Now we enter chapter 2. It’s the point of no return! The part after the beginning and the part before the end, the “muddle” as the author cites. Lol. The muddle. I’ve always been shy of my muddles. What do I do? I tattoo them with references. I slash them to bits and insert and delete prose. It’s terrible difficult to keep one interested in the muddles.
Reminds me of how when I tell a joke at a table, even if it’s a killer joke where everyone ends up laughing, or everyone starts off graphically engaged . . . I find it hard to keep eye contact here. Maybe I am scared of the middles. Act IIs . . . Mr Bell help a boy out!

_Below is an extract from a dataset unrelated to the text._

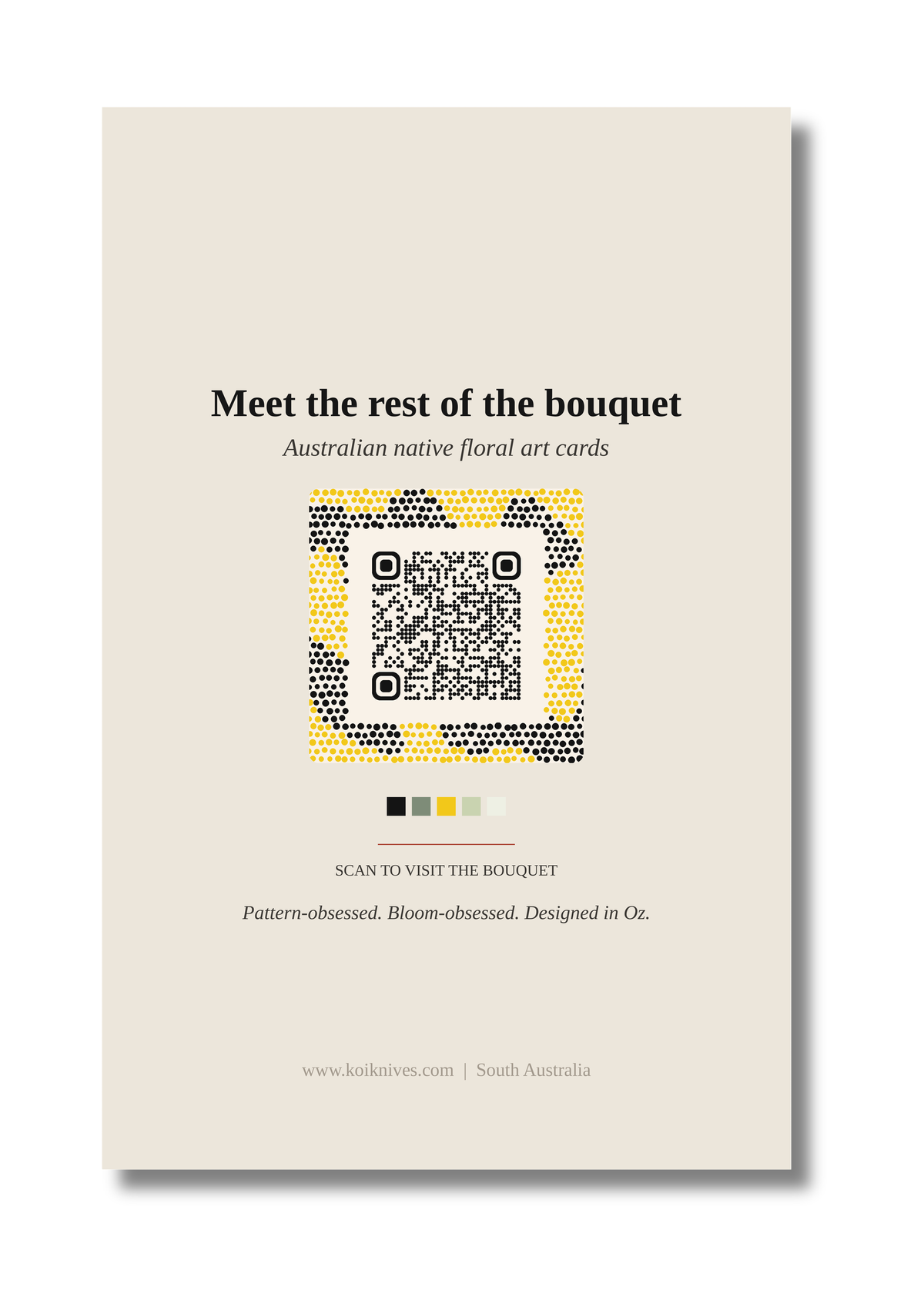 Back of the Flannel Flower art card with QR code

Anyway, as we pray, let us write, train and flex, and complete the next exercise. Wait! One last note. Mr Bell recommends these three parts not be super equally spaced, in fact the first act should end somewhere at the 1/5 mark, and the last ask should begin at the 4/5 mark. It’s almost as if he prepares us to write in 5 acts. Another note: instead of calling them “plot points” as I heard in the MFA, or “inciting incident” which sounds vague and needlessly saccharine . . . Mr Bell calls for us to view “transitions from beginning to middle” and “transitions from middle to end” as door ways. Doors of no return. And “disturbances,” as opposed to incident. Probably because an incident I can get over, or ignore. But a disturbance will %^*& me up.
Ok ok . . . here it is. Noooooo, waitttttt!!!!! I gotta say another thing. After reading this chapter, I told myself, “fine 3 acts are the way to go.” Why this change? Mr Bell kept hammering the point, hammering the point, hammering the point about writing in three acts. I was about to suffer a yawn stroke. What if, I wondered, we are just overlaying the three acts (like a transparent sheet of paper over a projector) over everything? Suddenly I turned to the speakers besides my laptop. Their design follows the three acts! One tweeter could be cut in three parts beautifully. The label of the water bottle at my desk too. Even how I naturally arranged my wife’s stuffed animals . . . the Argentine flag . . . everything.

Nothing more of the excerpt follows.